Weil mein Vater aber im CSU Ortsverband, im Sportverein und im Kirchenbeirat war, war er wohl bald nicht mehr "fremd", natürlich aber waren wir anders. Ein Hauch "Balkan" umwehte meine Familie. Meine eigene Fremdheit hatte wenig mit der Herkunft meines Vaters zu tun, meine Weltsicht wurde eher durch andere Familienmitglieder geprägt. Zum Glück gab es viele im Ort (oder den Nachbarorten) die eine ähnliche Weltsicht hatten. Ich konnte immer Freunde finden, die sich genauso fremd in der bayerischen Provinz fühlten wie ich, was aber nichts mit der Herkunft ihrer Eltern zu tun hatte. Fast alle meine Freunde aus dieser Zeit haben ihren Heimatort aber letztendlich verlassen, egal wie lange ihre Familien schon mit diesen Orten verwurzelt waren.

Möglicherweise sind in den Orten an denen die Heime der Asylbewerber brennen, all diejenigen die sich in ihrer Heimat fremd fühlten, schon lange ausgewandert. Sie wurden möglicherweise vertrieben von der Fantasielosigkeit und Enge der Vorstellungen über das Leben, an dem Ort an dem sie groß wurden. Vielleicht waren sie auch "Wirtschaftsflüchtlinge", die an einem anderen Ort in Deutschland bessere Möglichkeiten sahen sich selbst zu verwirklichen. Möglicherweise konnten sie sich aber auch einfach nicht mehr abfinden damit, dass "Deutschsein" von ein paar tausend Menschen in ihrer Nähe definiert wurde, die sich festklammern an Gewohnheiten deren Ursprung in einer Vergangenheit liegt die diesen Menschen wahrscheinlich ebenso fremd wäre wie Bangladesh.

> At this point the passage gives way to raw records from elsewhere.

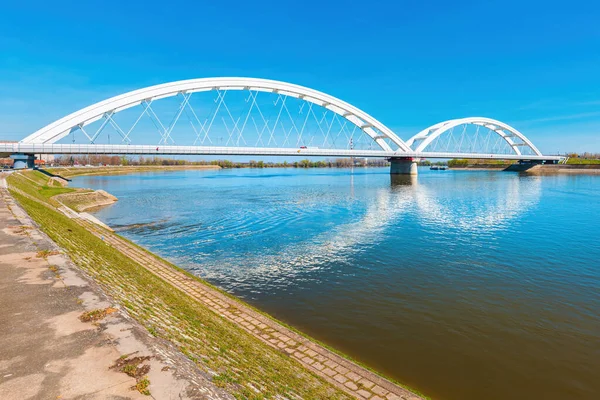 Zezelj橋 ノヴィ ヴォイヴォディナ セルビアのドナウ川のタイアーチ橋 この建物は2018年にオープンしました — ストック写真
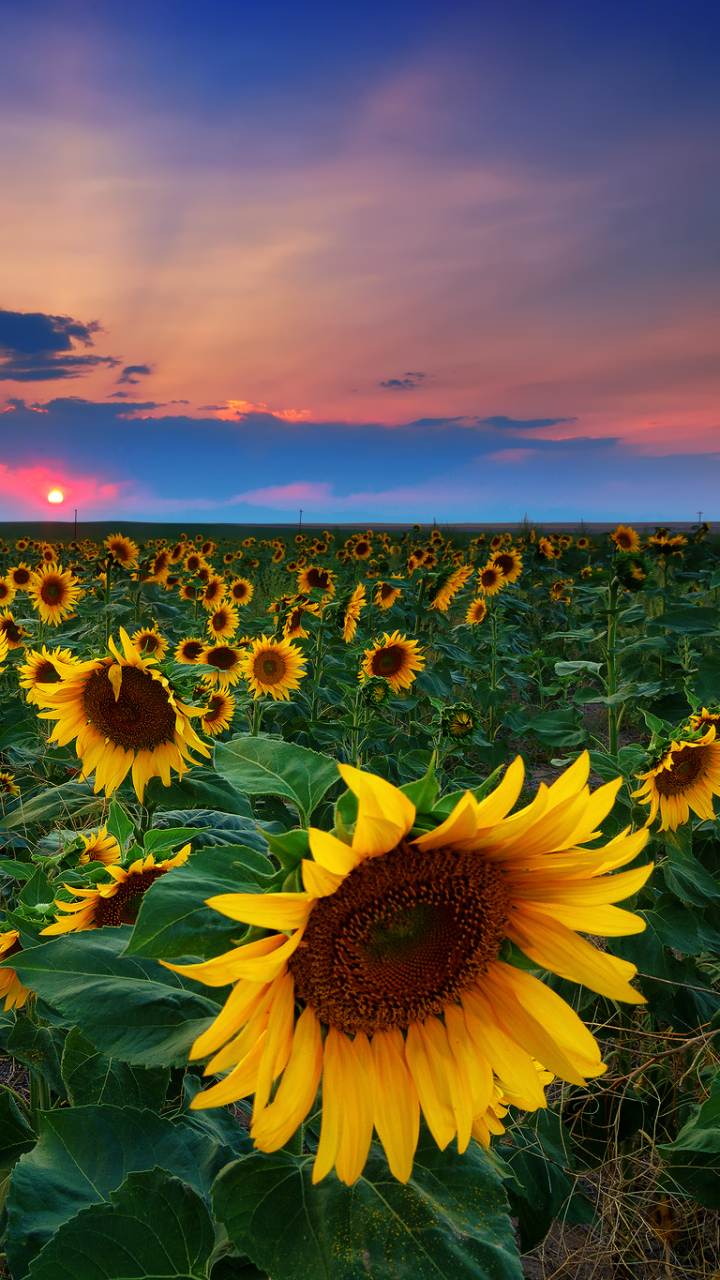 Téléchargez des papiers peints mobile Fleurs, Tournesol, Terre/nature gratuitement.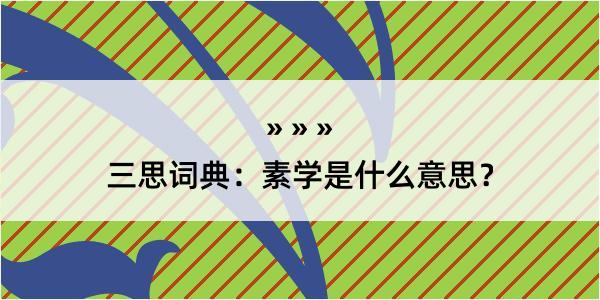 三思词典：素学是什么意思？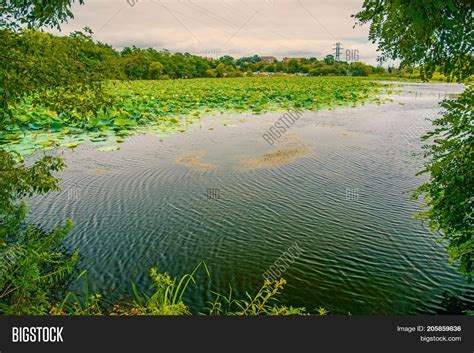 Lotus Lake Largest Image And Photo Free Trial Bigstock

Um so mehr diejenigen ihre Heimatorte verlassen, die die Fantasie aufbringen ihre eigene Identität zu hinterfragen, um so mehr kocht möglicherweise die Suppe ein, bis ein brauner Rest am Boden des Topfes zurückbleibt. In diesem braunen Rückstand bleibt ein Bild eines "Deutschseins" zurück, dass wohl den meisten Menschen innerhalb der willkürlichen Grenzziehung die Deutschland ist, befremdlich vorkommt.  Eben dadurch, dass sie sich abschotten, werden sie selbst zu den Fremden. Wie das Beispiel der Auslandsdeutschen und Vertriebenen zeigt, ist das Deutschsein kein statischer Zustand der konserviert werden kann, sondern eine vielgestaltige (und bunte) Dynamik. Wer sich von dieser Dynamik abkoppelt, wird denen die Teil dieser Dynamik sind Fremd. Die Gesellschaft entwickelt sich an ihnen vorbei und lässt sie auf einer Insel voller Fremder zurück. Nur durch Zuzug von "Fremden" die sich dort eine Heimat schaffen wollen und diese dabei verändern, kann diese Entwicklung verhindert werden. Nur durch die Akzeptanz des Anderen findet man eine Heimat. Die eigentliche Angst die man also haben muss ist die vor der "Unterfremdung".